Standards of medical care are not irrelevant to the statute. Disabled people often cannot participate in programs and activities unless special attention is given to their medical needs. But incarceration, which requires the provision of a place to sleep, is not a "program" or "activity." Sleeping in one's cell is not a "program" or "activity." Even apart from the prison setting it would be extremely odd [**7] to suppose that disabled persons whose disability is treated negligently have a federal malpractice claim by virtue of the Americans With Disabilities Act, whereas a sick or injured but not disabled person--a person suffering from an acute viral infection, perhaps, or who has broken his leg, or who has a hernia or an inflamed gall bladder--must be content with the remedy that the state law of medical malpractice provides. Moreover, the courts have labored mightily to prevent the transformation of the Eighth Amendment's cruel and unusual punishments clause into a medical malpractice statute for prisoners. We would be exceedingly surprised to discover that Congress had made an end run around these decisions in the Americans With Disabilities Act.

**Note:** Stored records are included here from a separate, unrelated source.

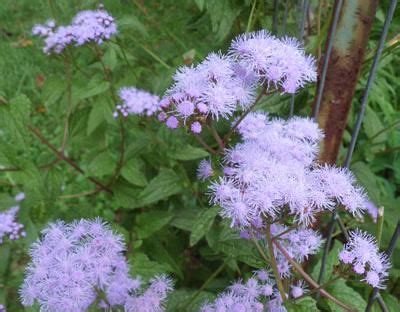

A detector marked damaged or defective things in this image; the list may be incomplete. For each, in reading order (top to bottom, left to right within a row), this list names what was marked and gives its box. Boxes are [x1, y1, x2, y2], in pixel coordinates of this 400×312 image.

rusty metal pole [312, 0, 378, 165]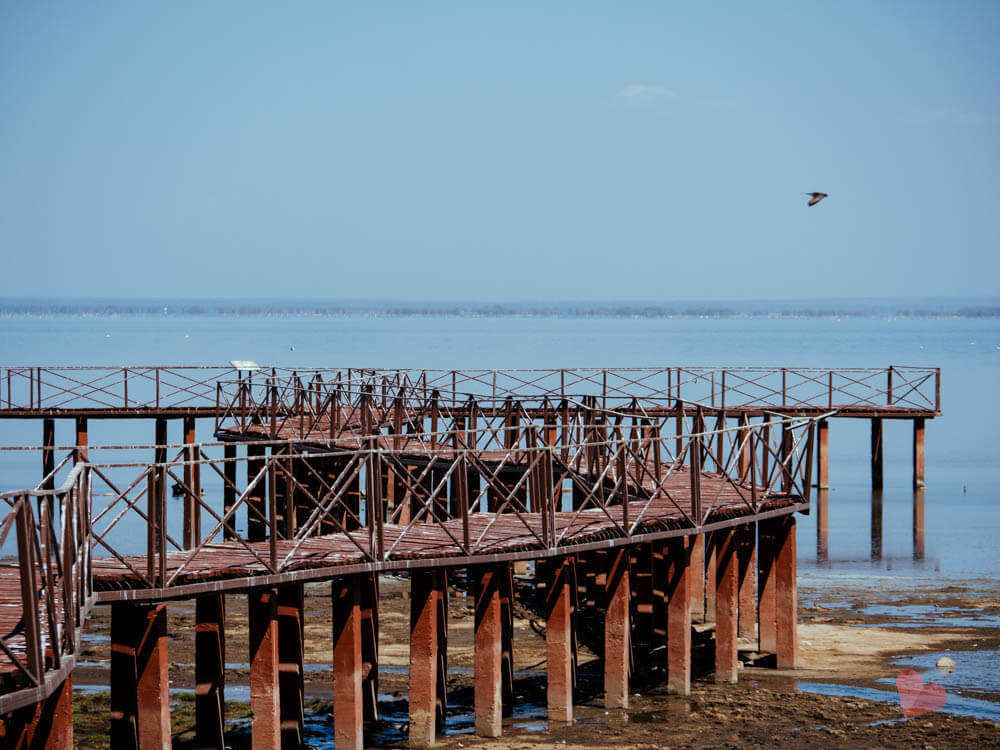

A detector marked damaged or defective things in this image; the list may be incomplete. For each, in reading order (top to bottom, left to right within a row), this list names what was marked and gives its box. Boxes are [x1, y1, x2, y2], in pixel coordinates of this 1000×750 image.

rusty metal pier [0, 368, 936, 748]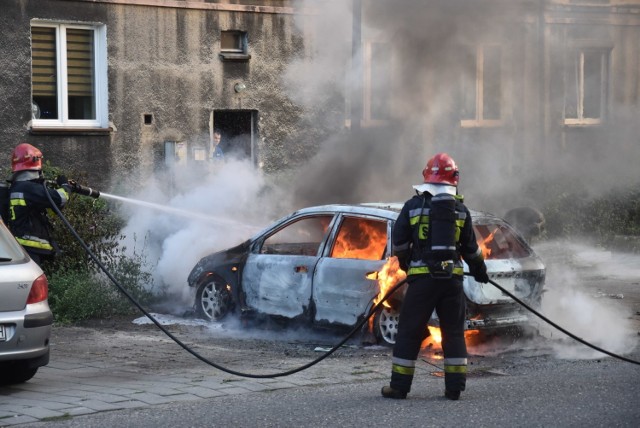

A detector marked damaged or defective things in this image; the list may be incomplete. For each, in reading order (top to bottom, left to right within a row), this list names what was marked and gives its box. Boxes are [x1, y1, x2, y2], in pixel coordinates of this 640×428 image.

charred vehicle [186, 203, 544, 344]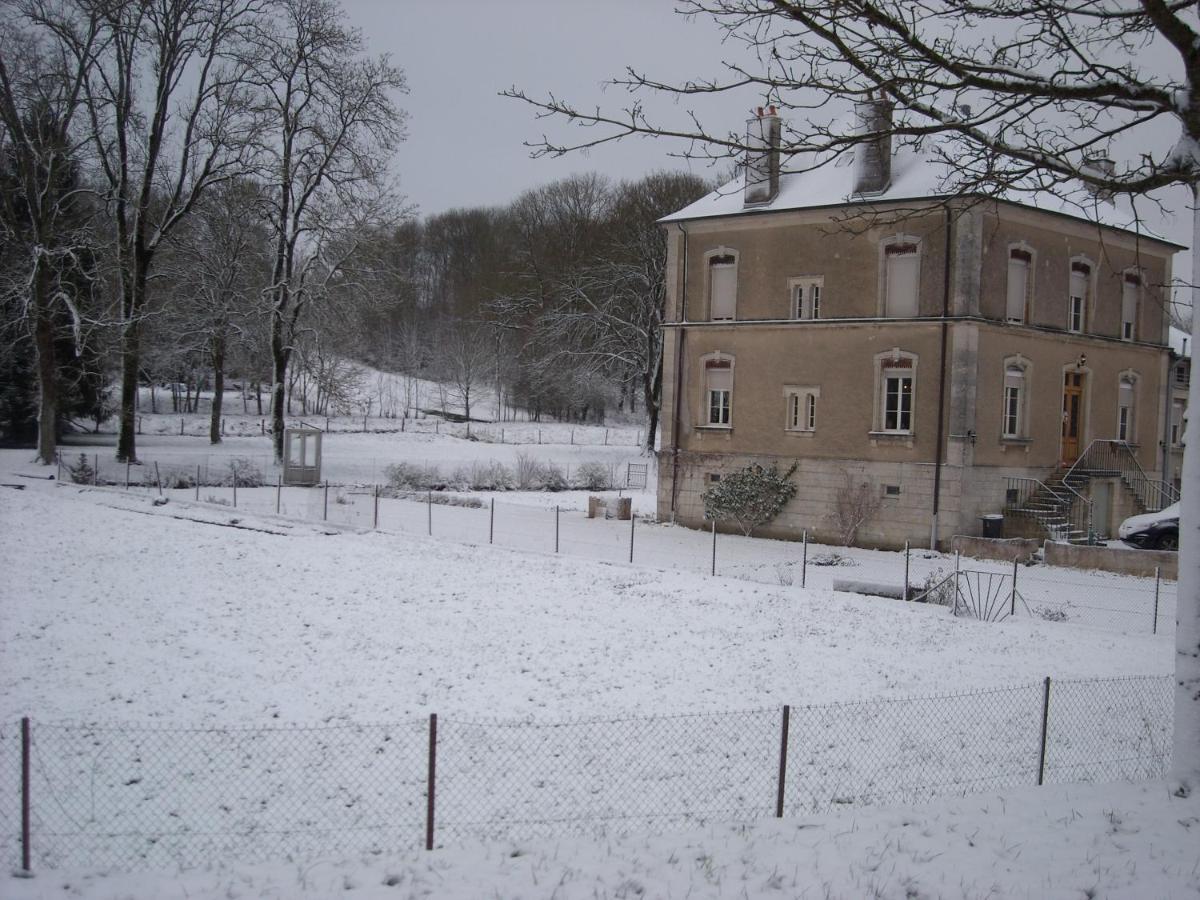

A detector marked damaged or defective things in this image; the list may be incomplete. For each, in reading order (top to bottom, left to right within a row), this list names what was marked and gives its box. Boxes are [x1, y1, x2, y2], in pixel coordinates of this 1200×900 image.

rusty fence post [772, 710, 792, 820]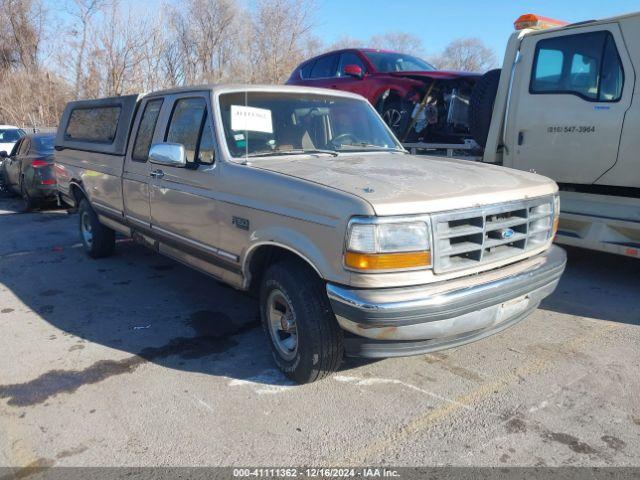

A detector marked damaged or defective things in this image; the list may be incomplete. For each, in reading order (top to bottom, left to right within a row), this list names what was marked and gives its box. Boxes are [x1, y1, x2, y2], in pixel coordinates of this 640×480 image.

damaged red car [288, 49, 480, 147]
cracked asphalt [0, 195, 636, 468]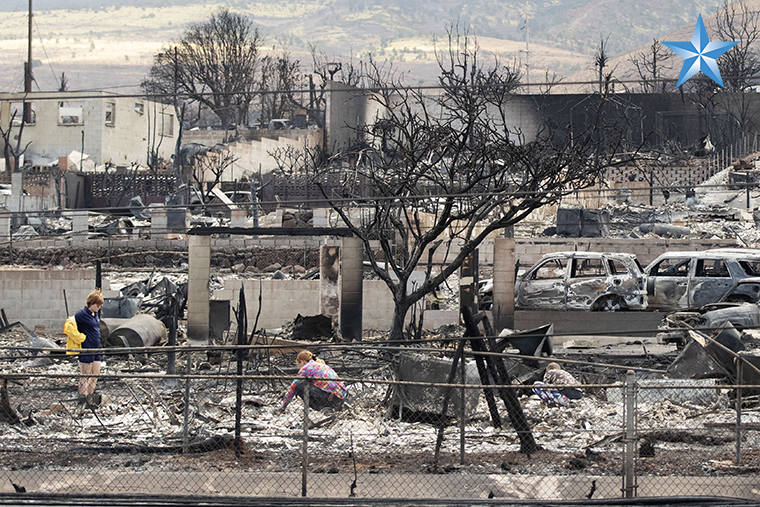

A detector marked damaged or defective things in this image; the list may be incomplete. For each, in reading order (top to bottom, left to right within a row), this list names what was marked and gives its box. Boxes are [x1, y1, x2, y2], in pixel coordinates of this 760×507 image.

In light of our conclusion that Bryant failed to state a claim under the ADA, we need not decide whether he named the proper parties as defendants to that claim.
We have not considered the possible bearing on this suit of the new Prison Litigation Reform Act, enacted on April 26, 1996, as part of the federal omnibus fiscal year 1996 appropriations measure. That will be a matter for the district court to consider on remand.
The judgment dismissing [**8] Bryant's suit is
AFFIRMED IN PART AND REVERSED IN PART.